According to the docs, MPS backend is using the GPU on M1, M2 chips via metal compute shaders.
mps
device enables high-performance training on GPU for MacOS devices with Metal programming framework. It introduces a new device to map Machine Learning computational graphs and primitives on highly efficient Metal Performance Shaders Graph framework and tuned kernels provided by Metal Performance Shaders framework respectively.The new MPS backend extends the PyTorch ecosystem and provides existing scripts capabilities to setup and run operations on GPU.

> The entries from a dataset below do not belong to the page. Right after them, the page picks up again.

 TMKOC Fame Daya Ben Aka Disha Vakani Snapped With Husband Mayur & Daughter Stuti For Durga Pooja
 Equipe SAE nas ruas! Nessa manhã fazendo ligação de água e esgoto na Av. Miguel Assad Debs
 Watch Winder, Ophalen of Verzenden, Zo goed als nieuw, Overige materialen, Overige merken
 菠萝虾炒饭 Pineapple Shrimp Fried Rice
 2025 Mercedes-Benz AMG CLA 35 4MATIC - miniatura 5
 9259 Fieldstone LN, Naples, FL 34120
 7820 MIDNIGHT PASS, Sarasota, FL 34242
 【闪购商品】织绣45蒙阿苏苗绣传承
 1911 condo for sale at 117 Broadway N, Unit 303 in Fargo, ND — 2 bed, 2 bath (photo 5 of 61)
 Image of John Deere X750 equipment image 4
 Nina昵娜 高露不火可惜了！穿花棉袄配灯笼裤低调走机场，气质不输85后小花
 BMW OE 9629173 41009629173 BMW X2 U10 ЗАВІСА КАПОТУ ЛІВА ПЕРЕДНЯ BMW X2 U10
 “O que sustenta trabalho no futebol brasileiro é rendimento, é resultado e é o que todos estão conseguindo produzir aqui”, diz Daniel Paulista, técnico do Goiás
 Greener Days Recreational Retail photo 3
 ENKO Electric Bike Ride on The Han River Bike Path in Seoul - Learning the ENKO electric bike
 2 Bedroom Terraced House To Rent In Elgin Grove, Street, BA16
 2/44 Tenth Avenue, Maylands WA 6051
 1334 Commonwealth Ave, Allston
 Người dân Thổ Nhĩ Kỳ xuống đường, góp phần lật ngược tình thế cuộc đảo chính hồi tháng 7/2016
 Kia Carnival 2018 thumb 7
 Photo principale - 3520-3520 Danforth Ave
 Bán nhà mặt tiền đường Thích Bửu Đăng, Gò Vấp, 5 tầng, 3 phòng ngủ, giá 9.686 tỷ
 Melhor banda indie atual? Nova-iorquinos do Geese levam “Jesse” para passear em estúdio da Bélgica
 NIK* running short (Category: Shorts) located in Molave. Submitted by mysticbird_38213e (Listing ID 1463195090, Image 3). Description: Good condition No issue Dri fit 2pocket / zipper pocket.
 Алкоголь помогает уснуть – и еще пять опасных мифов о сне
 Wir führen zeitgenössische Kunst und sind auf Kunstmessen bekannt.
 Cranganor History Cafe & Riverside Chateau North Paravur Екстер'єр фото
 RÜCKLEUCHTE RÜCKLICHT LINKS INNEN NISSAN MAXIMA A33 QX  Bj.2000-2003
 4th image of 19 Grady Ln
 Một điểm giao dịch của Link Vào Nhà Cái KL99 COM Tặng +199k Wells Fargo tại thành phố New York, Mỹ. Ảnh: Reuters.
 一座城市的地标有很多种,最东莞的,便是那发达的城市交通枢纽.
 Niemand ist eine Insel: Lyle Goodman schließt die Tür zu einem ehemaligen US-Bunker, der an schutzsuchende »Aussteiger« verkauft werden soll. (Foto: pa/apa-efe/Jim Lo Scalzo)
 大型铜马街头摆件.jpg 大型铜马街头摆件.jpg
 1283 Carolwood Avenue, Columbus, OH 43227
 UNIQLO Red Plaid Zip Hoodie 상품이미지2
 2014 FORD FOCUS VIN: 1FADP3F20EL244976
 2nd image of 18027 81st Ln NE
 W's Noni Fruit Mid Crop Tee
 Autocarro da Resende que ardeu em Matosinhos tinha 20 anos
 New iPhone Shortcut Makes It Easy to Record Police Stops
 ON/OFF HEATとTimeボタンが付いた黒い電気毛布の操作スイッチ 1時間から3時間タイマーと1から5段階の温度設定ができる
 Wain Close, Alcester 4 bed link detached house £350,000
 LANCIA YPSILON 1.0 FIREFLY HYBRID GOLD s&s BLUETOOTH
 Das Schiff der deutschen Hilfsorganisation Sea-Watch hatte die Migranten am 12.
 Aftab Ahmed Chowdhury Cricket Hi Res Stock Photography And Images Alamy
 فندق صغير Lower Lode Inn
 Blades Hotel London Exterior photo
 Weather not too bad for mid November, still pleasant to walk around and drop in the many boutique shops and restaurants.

According to the following repository, ml-macos-performanc, inference on the ANE is 7x faster
densenet121_keras_applications Latency ANE : 0.0012743692083333827 RPS ANE : 784.7019478034924
densenet121_keras_applications Latency GPU : 0.008270947500000033 RPS GPU : 120.90513209036763
densenet121_keras_applications Latency CPU : 0.015347813229166719 RPS CPU : 65.15586195039286
I was wondering would the performance of training be better if we can also use the Apple’s Neural Engine?
There is obviously some restrictions, see unsupported neural engine layers, but that should be similar to Google’s TPUs.
It seems that there is maybe too much protection/security around directly calling the ANE,
according to George Hotz’s tinygrad, maybe that is the biggest blocker?